Data excerpts:
[Start of Attachment]
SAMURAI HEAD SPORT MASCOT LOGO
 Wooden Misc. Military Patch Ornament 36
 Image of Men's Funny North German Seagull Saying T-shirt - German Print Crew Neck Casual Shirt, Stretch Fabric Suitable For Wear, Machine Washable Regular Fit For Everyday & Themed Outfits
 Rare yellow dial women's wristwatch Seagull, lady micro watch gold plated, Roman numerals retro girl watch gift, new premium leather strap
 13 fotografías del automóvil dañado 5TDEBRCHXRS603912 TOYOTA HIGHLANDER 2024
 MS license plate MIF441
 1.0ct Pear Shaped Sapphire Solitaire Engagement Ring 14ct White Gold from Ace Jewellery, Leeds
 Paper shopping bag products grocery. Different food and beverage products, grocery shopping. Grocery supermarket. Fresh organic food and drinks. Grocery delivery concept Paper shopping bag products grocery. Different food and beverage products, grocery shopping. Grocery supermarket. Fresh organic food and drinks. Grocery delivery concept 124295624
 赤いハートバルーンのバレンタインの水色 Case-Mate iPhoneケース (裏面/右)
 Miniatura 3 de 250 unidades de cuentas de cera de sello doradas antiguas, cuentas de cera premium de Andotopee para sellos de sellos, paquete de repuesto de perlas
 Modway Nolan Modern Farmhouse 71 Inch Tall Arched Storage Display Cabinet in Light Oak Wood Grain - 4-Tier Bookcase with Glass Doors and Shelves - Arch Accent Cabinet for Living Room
[End of Attachment]
**Task brief**
Working from the records above, write out verbatim only the lines from the line containing "Rare yellow dial" through the line containing "赤いハートバルーンのバレンタインの水色 Case-Mate iPhoneケース".

**Reply**
 Rare yellow dial women's wristwatch Seagull, lady micro watch gold plated, Roman numerals retro girl watch gift, new premium leather strap
 13 fotografías del automóvil dañado 5TDEBRCHXRS603912 TOYOTA HIGHLANDER 2024
 MS license plate MIF441
 1.0ct Pear Shaped Sapphire Solitaire Engagement Ring 14ct White Gold from Ace Jewellery, Leeds
 Paper shopping bag products grocery. Different food and beverage products, grocery shopping. Grocery supermarket. Fresh organic food and drinks. Grocery delivery concept Paper shopping bag products grocery. Different food and beverage products, grocery shopping. Grocery supermarket. Fresh organic food and drinks. Grocery delivery concept 124295624
 赤いハートバルーンのバレンタインの水色 Case-Mate iPhoneケース (裏面/右)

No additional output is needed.